この世界の片隅に

昨年11月に公開されたアニメーション映画、「この世界の片隅に」のBlu-ray版を今夜観賞した。

この作品に興味を持ったきっかけは、作中冒頭で流れる「悲しくてやりきれない」という曲が、予告編で使われていたことだった。この曲は、大学1年生だった2006年当時に「あの歌がきこえる」というNHKの番組で紹介されていたのを観て知った、自分にとって思い出深い曲だ。大学生になって一人暮らしを始めたばかりの頃に聴いたせいか、頭にずっと焼き付いていて、何かもの悲しい気持ちになるたびに、ふと口ずさんできた。このザ・フォーク・クルセダーズの往年の名曲を、コトリンゴがカバーしたというところ、そこに一番心惹かれて、物語の詳細はよく知らないままに、1年越しで映画をようやく観るに至ったのだった。その結果、映画の世界に完全に魂を持って行かれてしまって、自分は虚脱状態に陥った。


やはり、コトリンゴがカバーした曲の存在感は、すごく大きかった。冒頭で流れることで、物語全体がこの曲の歌詞と歌声のイメージに彩られて、切なくも、ゆったりと進んでいく感じがしたし、物語後半で起きた出来事のあとは、前半との落差の大きさを際立たせる感じがして、一層この曲の深みが増した気がしたからだ。毎日をけなげにひたむきに生きる主人公・すずのイメージに、すごくマッチしていた。映画に対しては、自分にわき起こった感情をどう表現したらいいのか、どう評価したらいいのか、言葉が浮かばないのだが、あまりにも作品世界に感情移入しすぎたのか、観賞中から鑑賞後しばらく経つまで、30分ほど涙がボロボロと止めどなくあふれてしまったということは確かだ。
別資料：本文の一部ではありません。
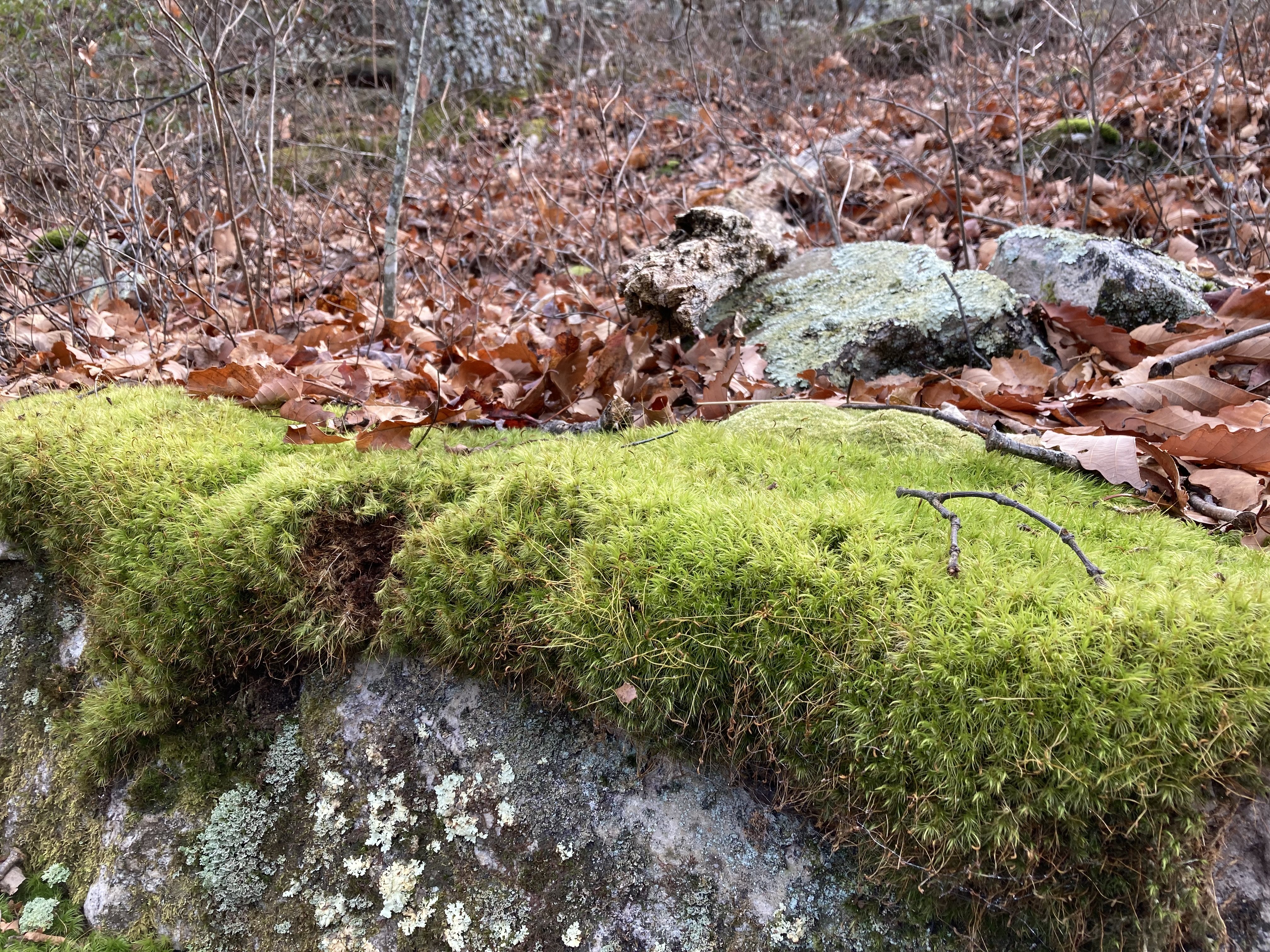 Emerald green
もう何も考えられない、何もしたくないような、いわば放心状態になってしまった。休日の夜に、自宅で、一人で観賞していたのは幸いだった。日中に、映画館で、誰かと一緒に観賞していたら、こんなふうにぼろ泣きできなかったし、もし泣いていたらその場にいる人に合わせる顔がなかった。また、30歳の今の自分がこの作品に出会ったというのも、運命的だったと思う。仮に10年前の20歳の自分が観たら、何気ない生活のかけがえのなさを描いたこの作品の深い味わいに気づけなかっただろうし、初めて観るのが10年後の自分だったら、心が疲弊しきって涙も出てこなかったかもしれない。追い詰められて、悩んで、心が日々揺れ動いている今の自分だったからこそ、これだけ激しく心が震えたという可能性は否定できない。観終えて3時間経った今でも、心はどこかを漂っていて、所在不明のままだ。これから寝れば心もリセットされるだろうが、物語を知ってしまった以上、全く同じ感動をもう二度と体験できなくなるということでもあり、寝たいような寝たくないような複雑な気分でいる。


大人が観るべきアニメというのは、まさにこういう作品のことを差すのだろう。早速サウンドトラックも注文したので、音楽を通じてまた本作の余韻を味わいたいと思う。